Last week, we talked a bit about some of the news coming out of NVIDIA’s GTC conference, focusing on a few of the integrations that were announced around the company’s Omniverse platform and what those tell us about the progress industries are making towards a workable “industrial metaverse.” One of those connections was with NavVis, with the reality capture company making the announcement official last week that they are working towards an integration with Omniverse “to enable streaming large-scale reality-capture data for factories.” Their aim is to ensure Omniverse simulations for these facilities can run not only on computer-designed models, but also spatially accurate 3D representations of “the ever-changing real world.”
This integration will involve NavVis’ two main products, the NavVis VLX and NavVis IVION. The former is the company’s wearable mobile mapping system, which can be placed over a user’s shoulders, enabling capture of an entire space by simply walking through. With the NavVis VLX 2, users can also monitor progress with a real-time viewer built onto the system to make sure everything is captured before leaving the site. NavVis IVION, meanwhile, is NavVis’ processing software where users can turn that captured data into accurate digital twins and 3D models.
From there, NavVis IVION will then be connected to Omniverse via the Universal Scene Description (USD) framework, which was originally developed by Pixar Studios and is becoming the standard in 3D graphic creation thanks in large part to NVIDIA and Omniverse. Once data is imported into Omniverse, users will be able to take advantage of the system’s simulation and AI capabilities based on this accurate data captured from a real-world environment.
While NavVis’ products are used for a wide variety of environments, it’s not hard to see this integration as being most useful for larger spaces like factories, which is already a significant part of the company’s user base. It’s these types of spaces many see as the ideal beneficiary of an “industrial metaverse” environment, where companies can be assisted in doing everything from designing and constructing a new facility to ensuring smooth operations and efficient renovations for existing spaces. With the NavVis VLX, these entire spaces can be captured by simply walking through a facility rather than needing to rely on terrestrial scanners, which can be a tedious and cumbersome process.
We’re talking about this with a bit of a forward-looking view, but it’s certainly worth noting that this kind of workflow is already in place for some organizations, though the ability to run powerful simulations in Omniverse will certainly be a welcome value add. That said, NavVis has already been working with large manufacturing companies, citing work with Volkswagen, Siemens, and BMW in their release of this news. In fact, BMW introduced last year their iFactory program for automotive production, and just last week announced that they are starting their global rollout of its NVIDIA Omniverse platform.

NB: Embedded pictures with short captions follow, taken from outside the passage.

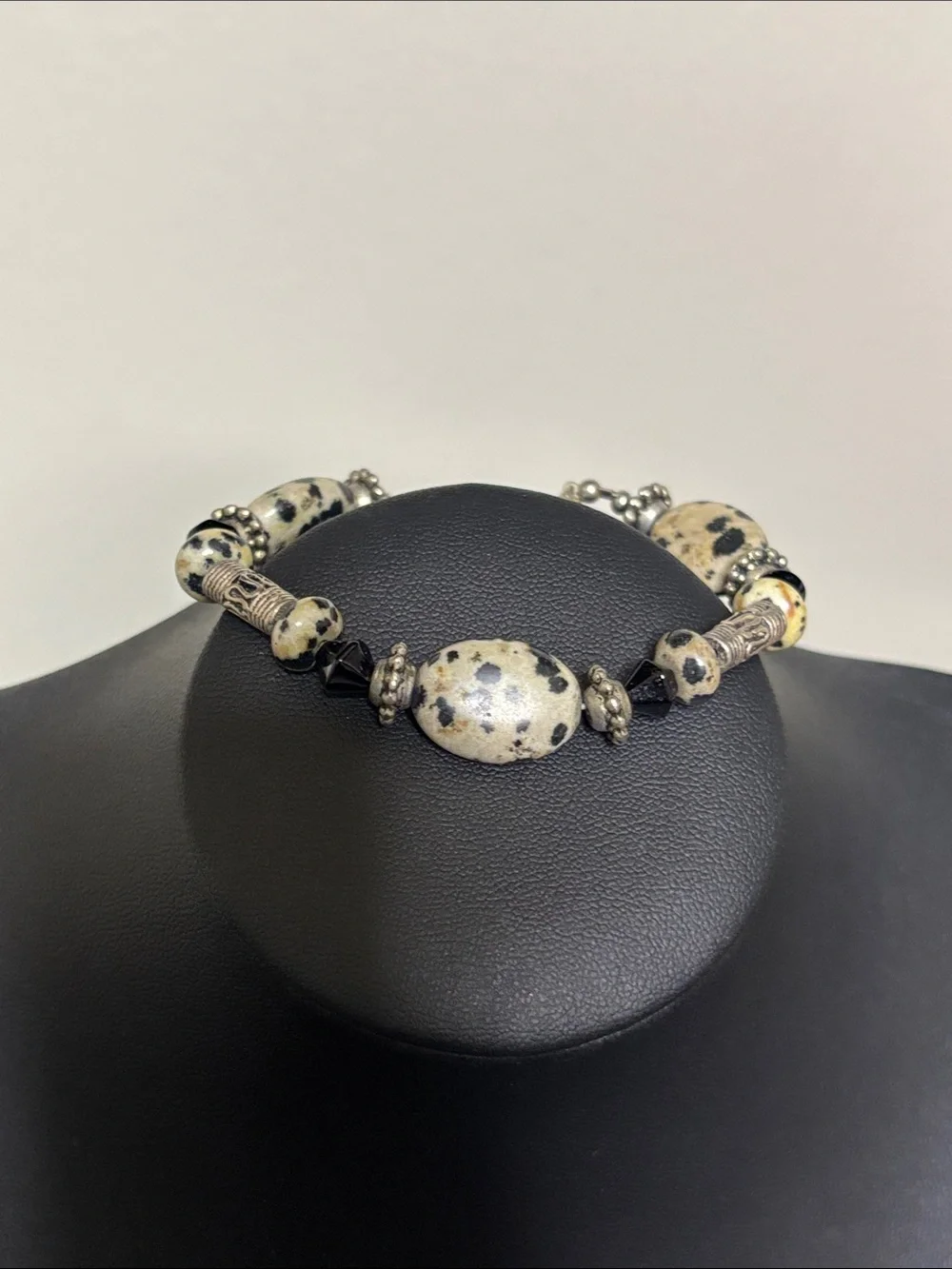 Handcrafted Dalmatian Jasper Stone Beaded Toggle Bracelet - Black Cream
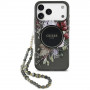Guess IML Flowers Pearl Strap MagSafe-hoesje voor Apple iPhone 18 Pro Max / 17 Pro Max, zwart
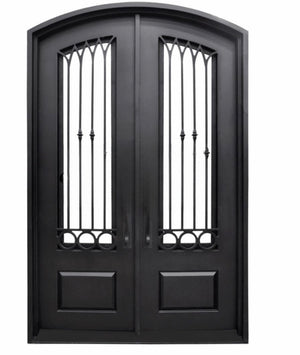 Exterior Wrought Iron Double Entry Door with Double Operable Insulation Glass, HAD2346
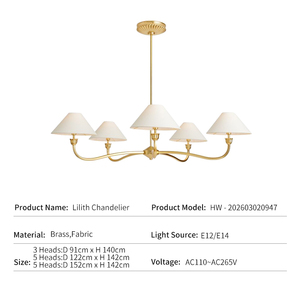 Lampadario Moderno in Ottone Stile Francese per Sala <span class=keywords><strong>da</strong></span> Pranzo e Camera <span class=keywords><strong>da</strong></span> Letto, Paralume in Tessuto di Design, Luce LED, Lampada <span class=keywords><strong>da</strong></span> Soffitto di Lusso per Progetti Alberghieri - Product Image 3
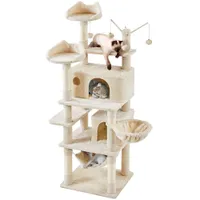 Arbre à Chat Multiniveau Avec Poteaux En Sisal, Niches Et Hamac 170 Cm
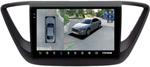 Магнитола для Hyundai Solaris 2 2017-2022 / Solaris HS (без штатной КЗВ, рамка черная матовая) - Teyes CC3-2K-360 на Android 10, Быстрая, 2K QLED, CarPlay, 4G SIM-слот, 4 камеры в комплекте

Most of the reasons to be excited about these kinds of developments are outlined in the link at the top of this page, but it’s worth going over those quickly here as well. For one thing, with this specific integration it’s exciting to be able to run these powerful simulations based on real-world data. There are plenty of insights that can be had from simulations based upon accurate, computer-generated models to be sure, but for many use cases – say, planning renovations of a car manufacturing plant to meet new demand and regulations for electrical vehicles – having data derived from the real world adds another layer of value.
And then there is the piece that is outlined in last week’s blog, which is that we’re getting closer to what people have been envisioning for an “industrial metaverse.” There will never be complete agreement as to what this idea actually constitutes and when we’ll reach that ideal, but with the growing number of companies embracing USD and openness in general, the industry is moving in the right direction. With each of these new layers added in, real-world data in this case, more value is being added. That, in turn, should lead to more companies seeing that value and adopting these tools, in theory leading to exponential growth for the idea.
This is an idea backed up by Dr. Felix Reinshagen, CEO and co-founder of NavVis. In a press statement, he said, “We strongly believe in the promise of the industrial metaverse, especially when it focuses on addressing hard problems that real users are facing with advanced capabilities such as physics-based simulations and AI.”
He also noted what NavVis’ integration can add, continuing, “We see, however, that simulations cannot just rely on existing libraries of computer-generated models but need to be complemented with an accurate, large-scale, always up-to-date 3D representation of the real world to ensure actionable results. NVIDIA is a global leader in this new space of the industrial metaverse, and we’re very excited about this collaboration.”
As of this writing, there has been no timeline given for when this integration will be fully in place.